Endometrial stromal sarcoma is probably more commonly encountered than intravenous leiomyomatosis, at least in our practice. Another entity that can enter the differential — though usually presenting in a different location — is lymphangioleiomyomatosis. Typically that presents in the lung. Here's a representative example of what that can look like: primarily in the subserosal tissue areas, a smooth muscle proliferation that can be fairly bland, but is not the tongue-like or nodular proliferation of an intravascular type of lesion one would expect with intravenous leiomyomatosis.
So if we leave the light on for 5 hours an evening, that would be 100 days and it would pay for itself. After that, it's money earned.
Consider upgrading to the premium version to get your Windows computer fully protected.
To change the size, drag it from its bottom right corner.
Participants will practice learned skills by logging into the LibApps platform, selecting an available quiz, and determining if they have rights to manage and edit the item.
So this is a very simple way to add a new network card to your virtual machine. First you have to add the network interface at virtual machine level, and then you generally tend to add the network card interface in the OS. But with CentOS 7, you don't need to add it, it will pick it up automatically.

★ ★ ★ ★ ★ ★ ★

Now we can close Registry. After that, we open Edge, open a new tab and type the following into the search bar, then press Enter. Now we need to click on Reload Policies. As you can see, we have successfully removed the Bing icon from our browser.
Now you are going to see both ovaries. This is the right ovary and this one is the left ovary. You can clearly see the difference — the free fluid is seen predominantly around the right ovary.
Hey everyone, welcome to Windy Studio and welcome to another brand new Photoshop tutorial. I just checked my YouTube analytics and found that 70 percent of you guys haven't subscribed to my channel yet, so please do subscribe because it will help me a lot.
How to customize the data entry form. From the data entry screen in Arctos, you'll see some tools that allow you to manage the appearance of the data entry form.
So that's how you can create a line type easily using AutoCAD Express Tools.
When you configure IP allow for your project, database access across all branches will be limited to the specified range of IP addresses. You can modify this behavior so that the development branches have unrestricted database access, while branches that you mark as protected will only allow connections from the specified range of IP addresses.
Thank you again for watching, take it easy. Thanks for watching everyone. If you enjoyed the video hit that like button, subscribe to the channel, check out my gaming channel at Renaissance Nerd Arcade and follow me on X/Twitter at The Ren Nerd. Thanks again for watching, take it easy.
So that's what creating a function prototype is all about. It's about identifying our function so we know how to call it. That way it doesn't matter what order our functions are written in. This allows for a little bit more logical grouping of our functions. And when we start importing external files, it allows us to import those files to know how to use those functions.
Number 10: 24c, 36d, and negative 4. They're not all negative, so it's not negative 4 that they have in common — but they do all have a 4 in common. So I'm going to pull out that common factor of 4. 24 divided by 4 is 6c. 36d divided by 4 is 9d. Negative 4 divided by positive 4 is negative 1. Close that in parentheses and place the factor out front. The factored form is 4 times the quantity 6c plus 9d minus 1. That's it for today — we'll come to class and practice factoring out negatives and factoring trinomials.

★ ★ ★ ★ ★ ★ ★

Lines that contain "with" are to be copied from the records above.

Endometrial stromal sarcoma is probably more commonly encountered than intravenous leiomyomatosis, at least in our practice. Another entity that can enter the differential — though usually presenting in a different location — is lymphangioleiomyomatosis. Typically that presents in the lung. Here's a representative example of what that can look like: primarily in the subserosal tissue areas, a smooth muscle proliferation that can be fairly bland, but is not the tongue-like or nodular proliferation of an intravascular type of lesion one would expect with intravenous leiomyomatosis.
So this is a very simple way to add a new network card to your virtual machine. First you have to add the network interface at virtual machine level, and then you generally tend to add the network card interface in the OS. But with CentOS 7, you don't need to add it, it will pick it up automatically.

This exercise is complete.